En juin 1958 de Gaulle accède au pouvoir, sans autre programme qu’en matière algérienne et en matière constitutionnelle, mais résolu à débloquer tout ce qui grippait. En matière de recherche, le général de Gaulle suivit les projets élaborés sous l’égide de sa nièce.
Les discussions préparatoires qui se prolongèrent jusqu’à la fin de 1958 aboutirent à la nomination d’un Délégué général à la recherche scientifique, le chimiste et ancien résistant André Piganiol, membre de l’équipe de Caen. La transmission du flambeau de Mendès France avait été efficace. Il y eut désormais une grande politique de la recherche scientifique dont l’élément moteur à l’Élysée fut le mathématicien Pierre Lelong, intime de Lichnerowicz.
Outre les réformes de structure et les innovations introduites, la recherche scientifique bénéficia rapidement d’un triplement de ses crédits. C’est sur cette lancée que la France a fonctionné pendant trente ans.
La recherche scientifique bénéficia rapidement d’un triplement de ses crédits.
Notre Association voyait ses objectifs atteints. L’action se poursuivit par le moyen d’une dizaine de colloques et journées d’études, mais son objet principal de réflexion se déplaça vers la nécessaire réforme des enseignements supérieurs. Au deuxième Colloque de Caen de 1966, Mendès France dut constater les progrès enregistrés, déplorant toutefois que la France ne consacre encore que 1,66 % de son PNB à la recherche contre 3 % aux États-Unis.
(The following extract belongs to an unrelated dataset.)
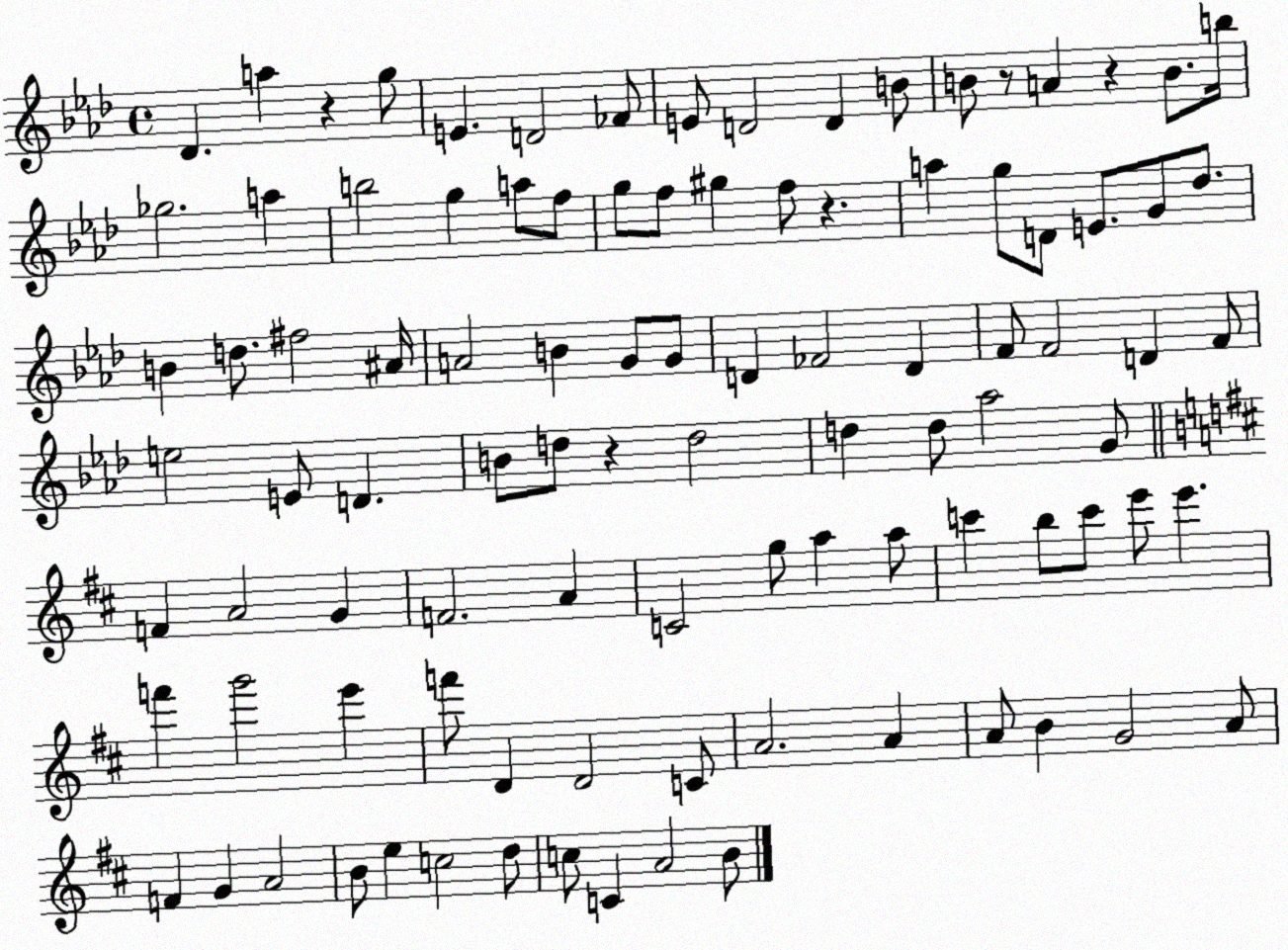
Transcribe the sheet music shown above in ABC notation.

Il demandait l’instauration d’une fiscalité plus favorable à la recherche, la fin du saupoudrage financier, des moyens suffisants devant aller à quelques objectifs clairement définis, et une fiscalité obligeant les sociétés étrangères à consacrer un pourcentage de leurs dépenses d’exploitation à des travaux de recherche en France.
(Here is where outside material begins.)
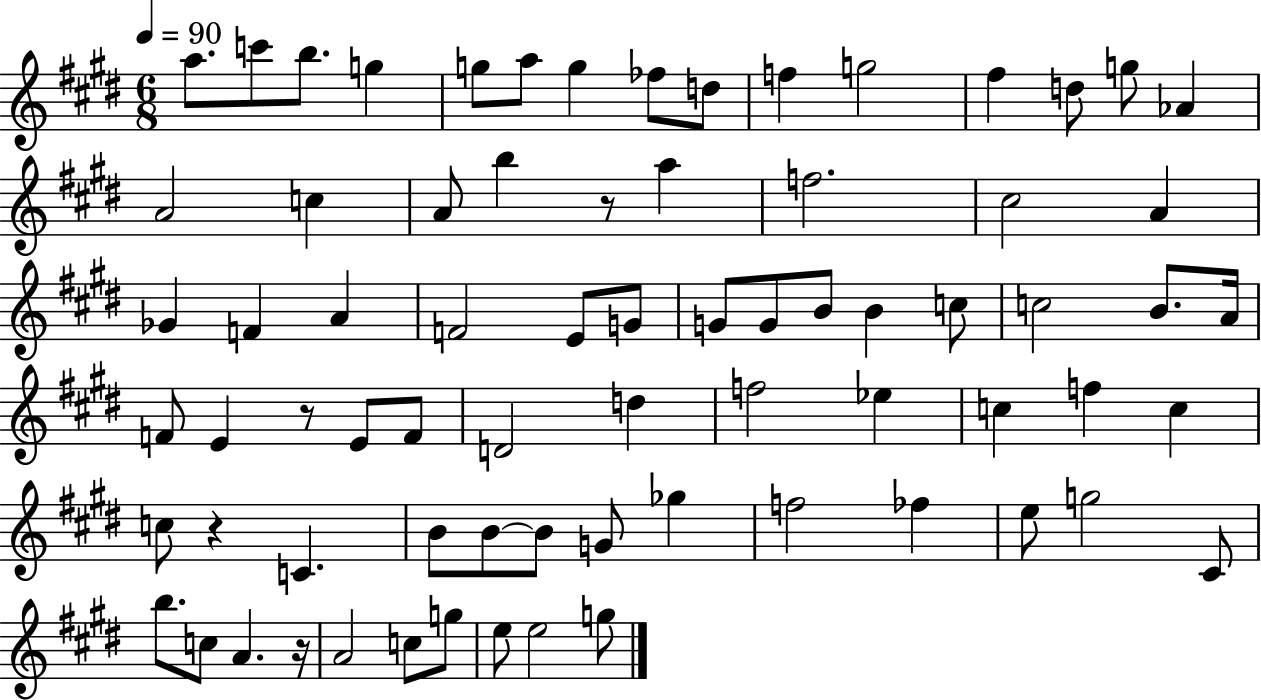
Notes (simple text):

A5/e. C6/e B5/e. G5/q G5/e A5/e G5/q FES5/e D5/e F5/q G5/h F#5/q D5/e G5/e Ab4/q A4/h C5/q A4/e B5/q R/e A5/q F5/h. C#5/h A4/q Gb4/q F4/q A4/q F4/h E4/e G4/e G4/e G4/e B4/e B4/q C5/e C5/h B4/e. A4/s F4/e E4/q R/e E4/e F4/e D4/h D5/q F5/h Eb5/q C5/q F5/q C5/q C5/e R/q C4/q. B4/e B4/e B4/e G4/e Gb5/q F5/h FES5/q E5/e G5/h C#4/e B5/e. C5/e A4/q. R/s A4/h C5/e G5/e E5/e E5/h G5/e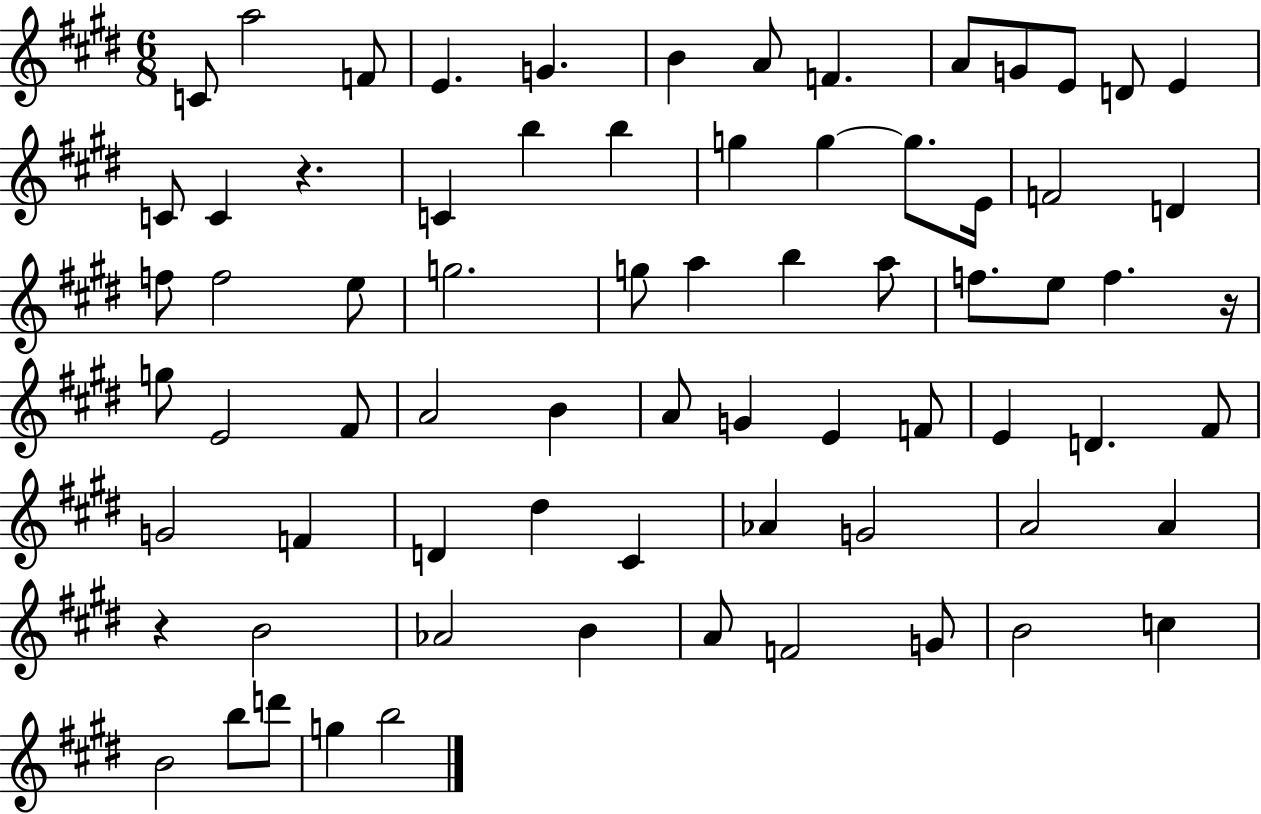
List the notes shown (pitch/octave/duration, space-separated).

C4/e A5/h F4/e E4/q. G4/q. B4/q A4/e F4/q. A4/e G4/e E4/e D4/e E4/q C4/e C4/q R/q. C4/q B5/q B5/q G5/q G5/q G5/e. E4/s F4/h D4/q F5/e F5/h E5/e G5/h. G5/e A5/q B5/q A5/e F5/e. E5/e F5/q. R/s G5/e E4/h F#4/e A4/h B4/q A4/e G4/q E4/q F4/e E4/q D4/q. F#4/e G4/h F4/q D4/q D#5/q C#4/q Ab4/q G4/h A4/h A4/q R/q B4/h Ab4/h B4/q A4/e F4/h G4/e B4/h C5/q B4/h B5/e D6/e G5/q B5/h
Des débats toujours actuels
Universités et sélection
Face à la montée des générations d’après-guerre désireuses d’accéder aux enseignements supérieurs, Mendès France admettait le principe de la sélection à l’entrée des universités, » à la condition expresse – ce qui n’est pas le cas – que les enseignements supérieurs au sens le plus large du terme disposent d’assez de places pour former tous les cadres dont la nation a besoin » et donc que soit créé parallèlement aux universités un enseignement supérieur de masse, combiné avec la mise en place d’une formation professionnelle continue tout au long de la vie.
Il revint surtout longuement sur l’inadaptation des structures universitaires. Lichnerowicz, rapporteur général du Colloque, avait présenté un rapport intitulé Pour des universités qui concluait à la nécessaire autonomie des universités. Mendès France se prononça en faveur d’universités autonomes, divisées en départements de recherche et départements d’enseignement, liées contractuellement à l’État par un cahier des charges et administrées par des personnalités élues.
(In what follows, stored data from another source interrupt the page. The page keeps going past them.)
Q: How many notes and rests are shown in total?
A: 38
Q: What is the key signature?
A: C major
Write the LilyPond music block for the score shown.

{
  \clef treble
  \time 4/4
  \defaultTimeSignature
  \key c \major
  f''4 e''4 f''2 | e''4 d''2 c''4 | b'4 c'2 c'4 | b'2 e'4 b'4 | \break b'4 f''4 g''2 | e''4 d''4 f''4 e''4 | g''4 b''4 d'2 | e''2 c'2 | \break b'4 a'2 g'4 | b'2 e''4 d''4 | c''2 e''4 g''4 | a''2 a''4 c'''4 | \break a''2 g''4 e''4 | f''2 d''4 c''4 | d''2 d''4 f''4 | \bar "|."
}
Les participants du second Colloque de Caen, parmi lesquels les représentants des deux grands syndicats d’enseignants et du CNPF, recommandèrent la création urgente, à titre expérimental, de trois universités autonomes et pluridisciplinaires » maîtresses de leur seuil « , dirigées par un conseil et un président ou un recteur élus. Un demi-siècle s’est écoulé depuis ces débats et ces voeux. Malgré les changements introduits, ils restent pour une bonne part actuelle. Faut-il en sourire, s’en étonner – ou s’irriter des pesanteurs françaises ?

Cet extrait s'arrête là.